Everything in the listing below must be reproduced exactly, apart from its images.

#### Data section

┄┄┄┄┄┄

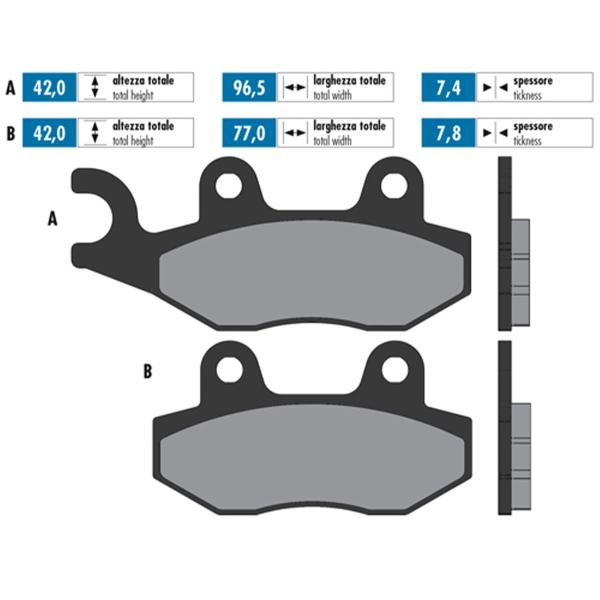 Polini brake pads original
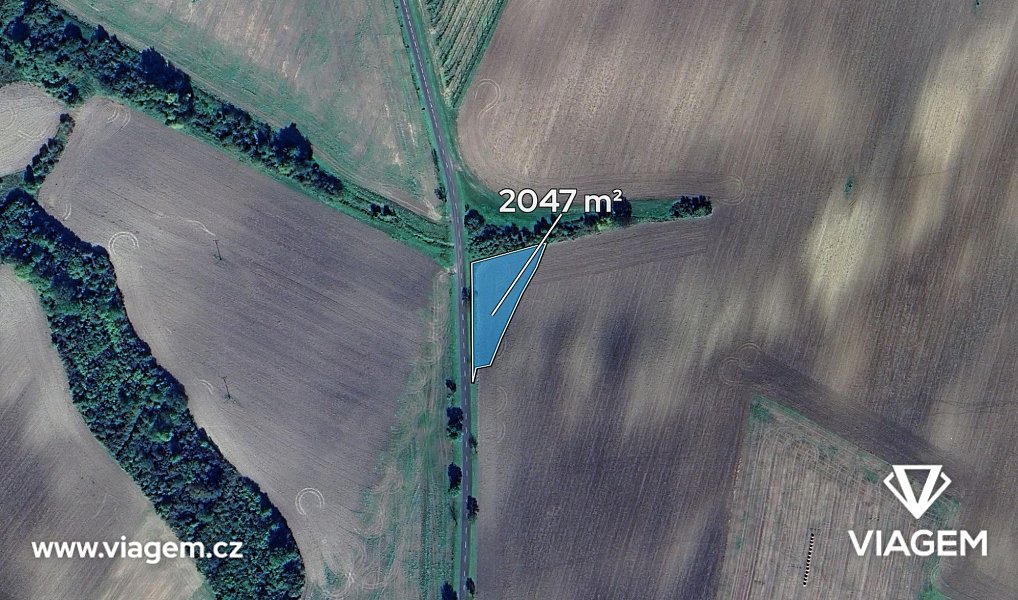 Prodej pole 511 m², Chotiněves – náhled fotky 2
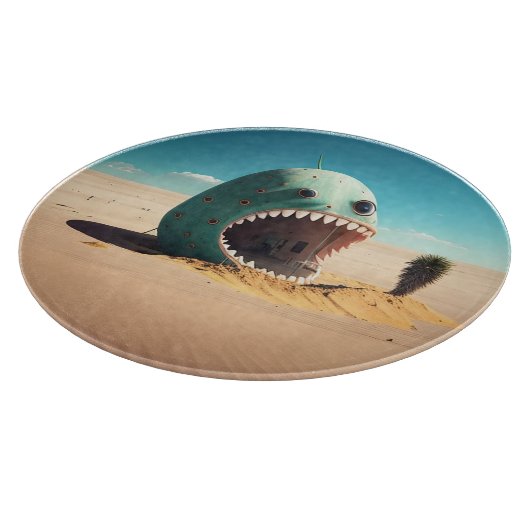 Planche À Découper Maison monstre du désert (Coin)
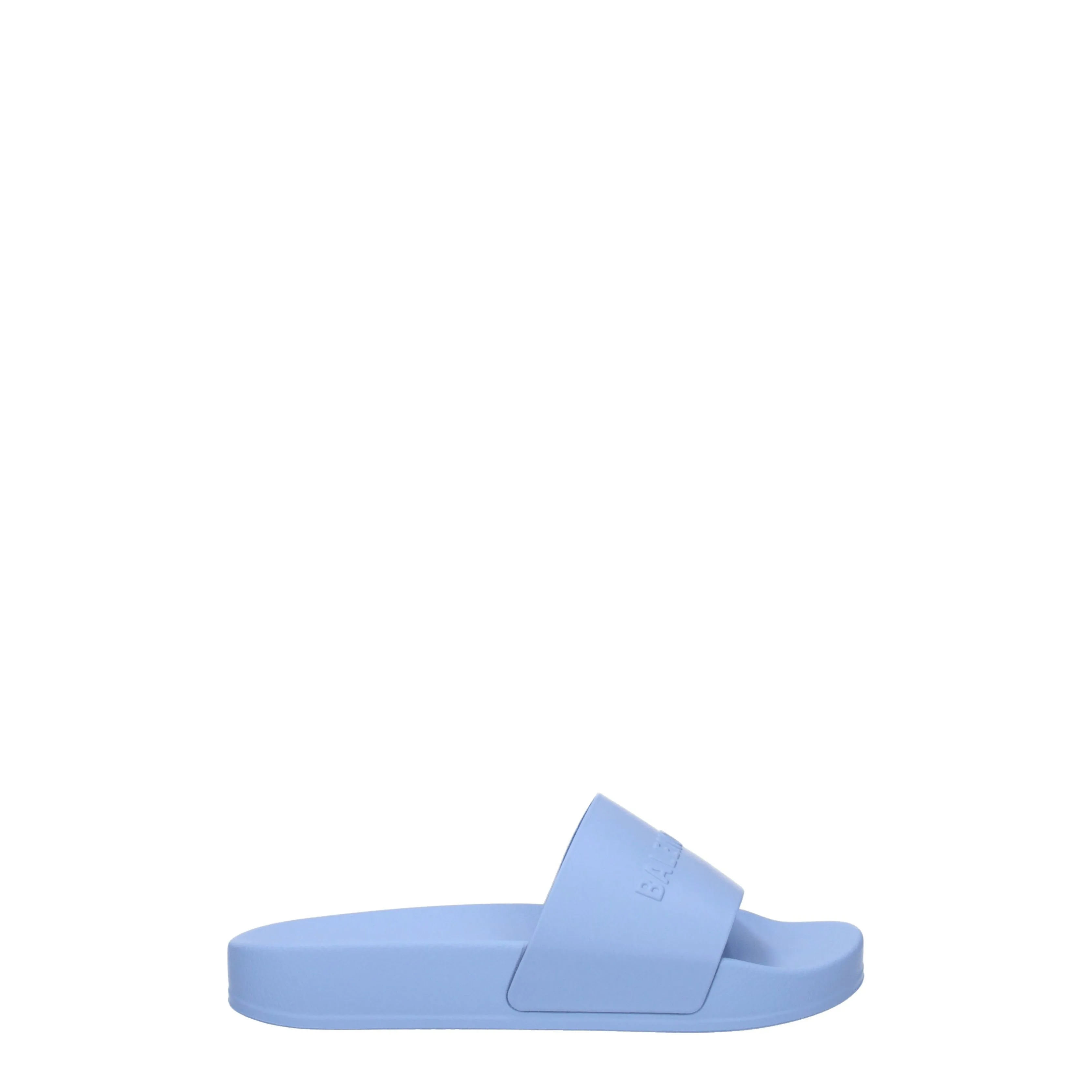 Balenciaga idées cadeaux pantoufles pour enfants femmes en caoutchouc bleu / ciel doux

┄┄┄┄┄┄

#### Reply to the exercise
 Polini brake pads original
 Prodej pole 511 m², Chotiněves – náhled fotky 2
 Planche À Découper Maison monstre du désert (Coin)
 Balenciaga idées cadeaux pantoufles pour enfants femmes en caoutchouc bleu / ciel doux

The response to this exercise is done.